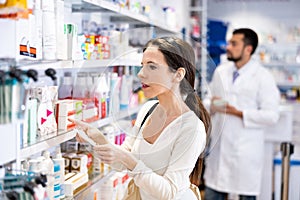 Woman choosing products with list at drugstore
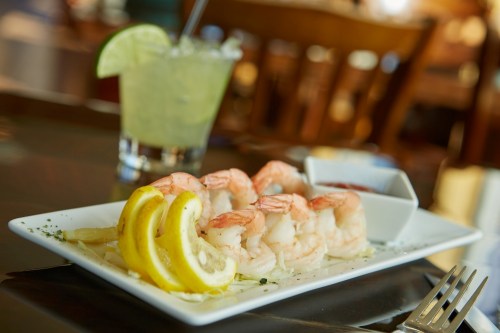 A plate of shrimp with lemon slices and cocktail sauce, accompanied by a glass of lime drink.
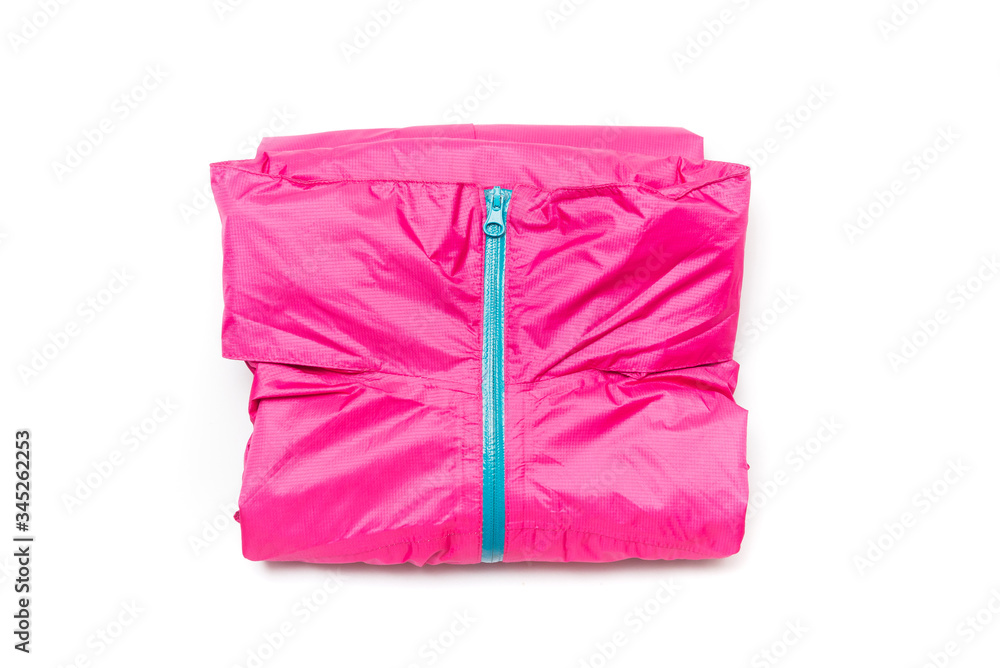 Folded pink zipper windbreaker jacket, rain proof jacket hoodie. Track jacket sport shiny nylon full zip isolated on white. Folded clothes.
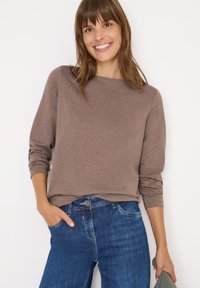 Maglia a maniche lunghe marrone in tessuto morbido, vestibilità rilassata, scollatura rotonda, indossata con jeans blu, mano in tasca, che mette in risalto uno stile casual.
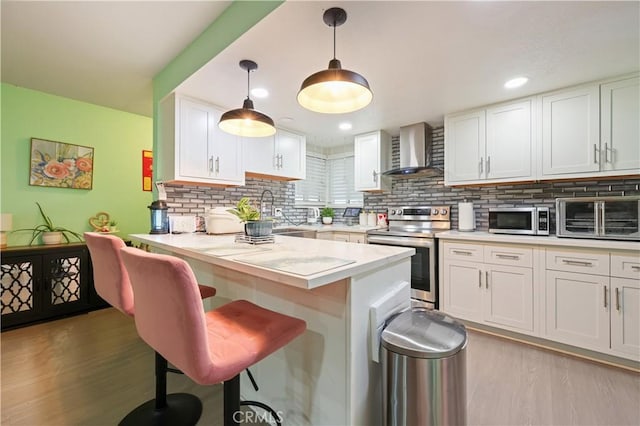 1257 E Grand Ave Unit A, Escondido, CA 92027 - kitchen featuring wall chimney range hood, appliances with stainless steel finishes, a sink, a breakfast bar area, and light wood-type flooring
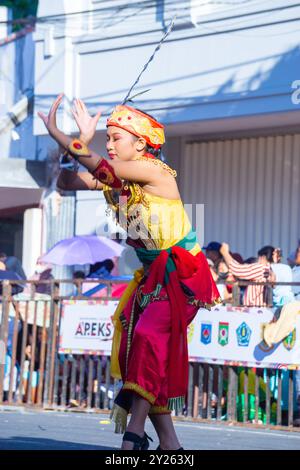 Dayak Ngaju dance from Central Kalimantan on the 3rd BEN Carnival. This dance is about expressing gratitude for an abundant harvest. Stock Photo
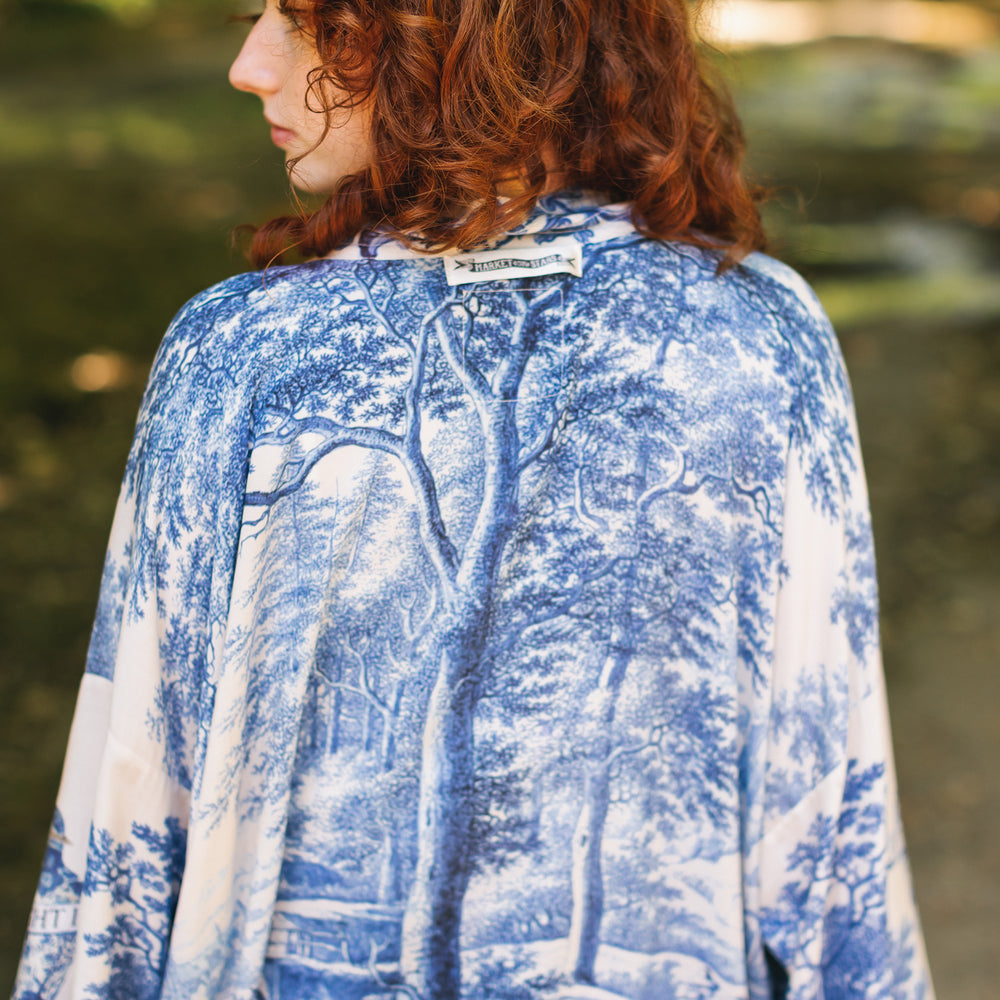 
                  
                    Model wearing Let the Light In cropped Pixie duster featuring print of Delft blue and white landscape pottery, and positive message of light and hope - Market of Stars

------------------------------------

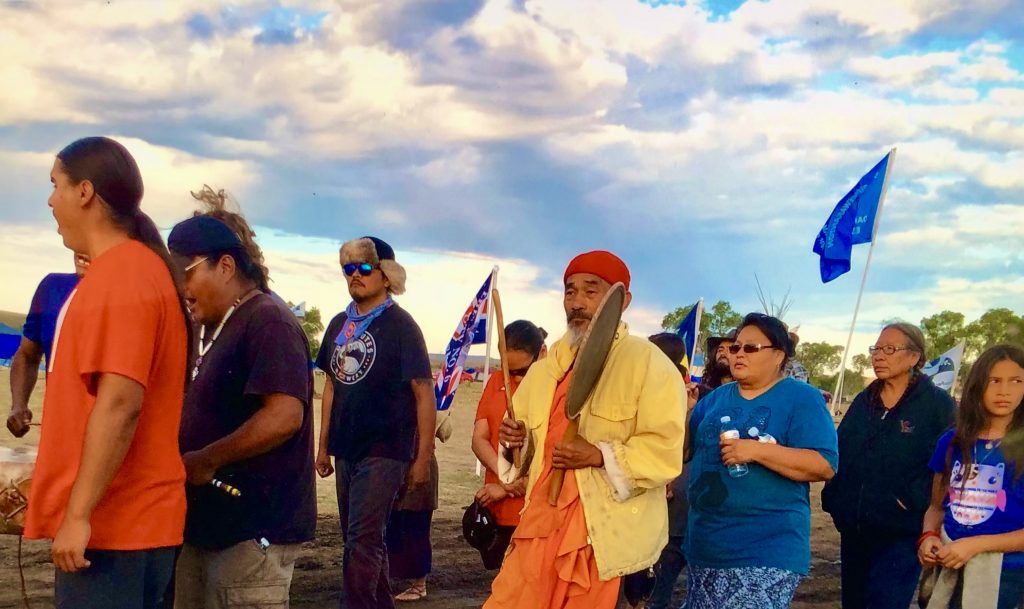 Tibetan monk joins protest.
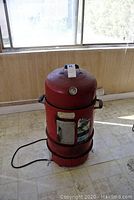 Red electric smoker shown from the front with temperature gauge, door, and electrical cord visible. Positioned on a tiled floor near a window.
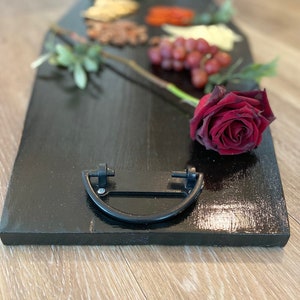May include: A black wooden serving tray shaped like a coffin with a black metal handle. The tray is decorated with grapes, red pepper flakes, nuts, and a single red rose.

------------------------------------

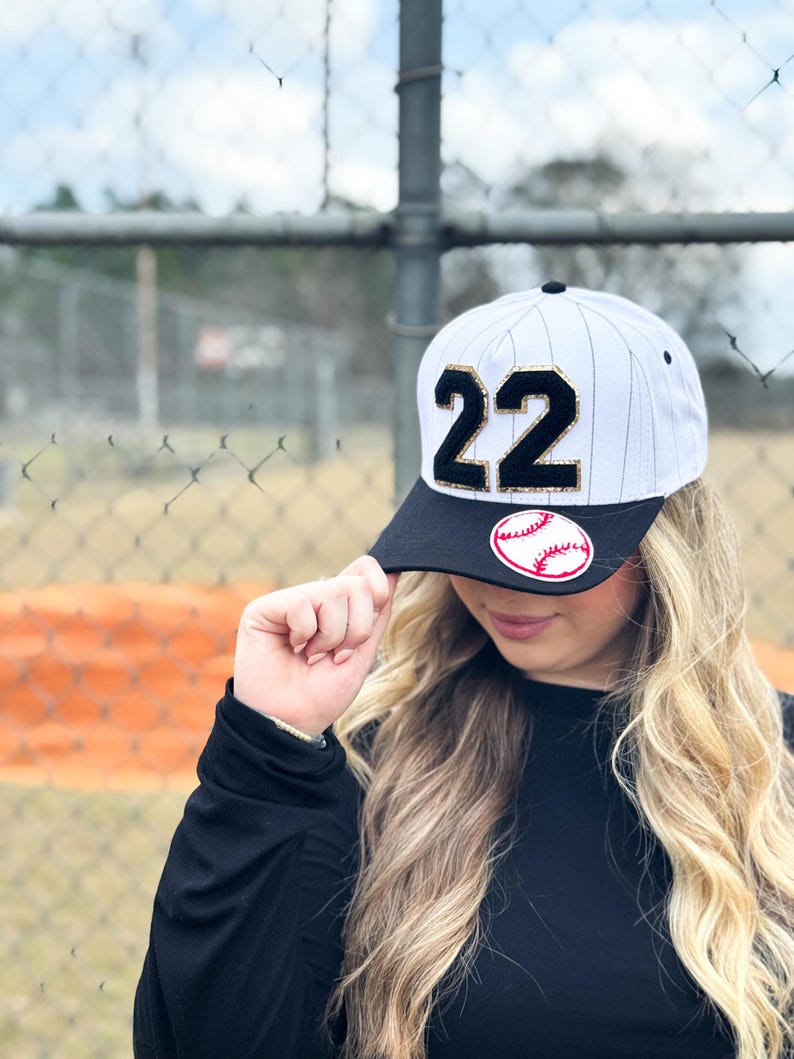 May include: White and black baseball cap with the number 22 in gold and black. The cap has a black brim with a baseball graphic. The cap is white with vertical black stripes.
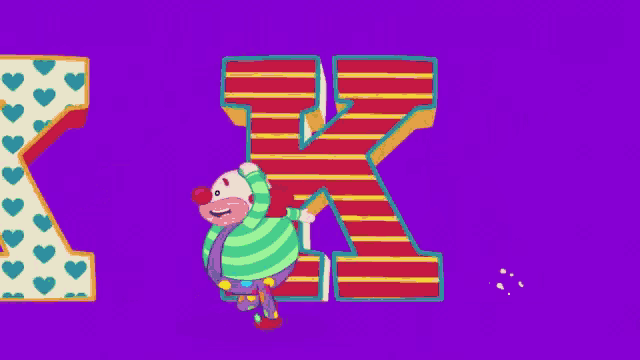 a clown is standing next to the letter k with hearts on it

------------------------------------

Only the lines above from the one with "Folded pink zipper" to the one with "Model wearing Let" should be printed, both included and exactly as written; no picture belongs in the copy.

 Folded pink zipper windbreaker jacket, rain proof jacket hoodie. Track jacket sport shiny nylon full zip isolated on white. Folded clothes.
 Maglia a maniche lunghe marrone in tessuto morbido, vestibilità rilassata, scollatura rotonda, indossata con jeans blu, mano in tasca, che mette in risalto uno stile casual.
 1257 E Grand Ave Unit A, Escondido, CA 92027 - kitchen featuring wall chimney range hood, appliances with stainless steel finishes, a sink, a breakfast bar area, and light wood-type flooring
 Dayak Ngaju dance from Central Kalimantan on the 3rd BEN Carnival. This dance is about expressing gratitude for an abundant harvest. Stock Photo
                  
                    Model wearing Let the Light In cropped Pixie duster featuring print of Delft blue and white landscape pottery, and positive message of light and hope - Market of Stars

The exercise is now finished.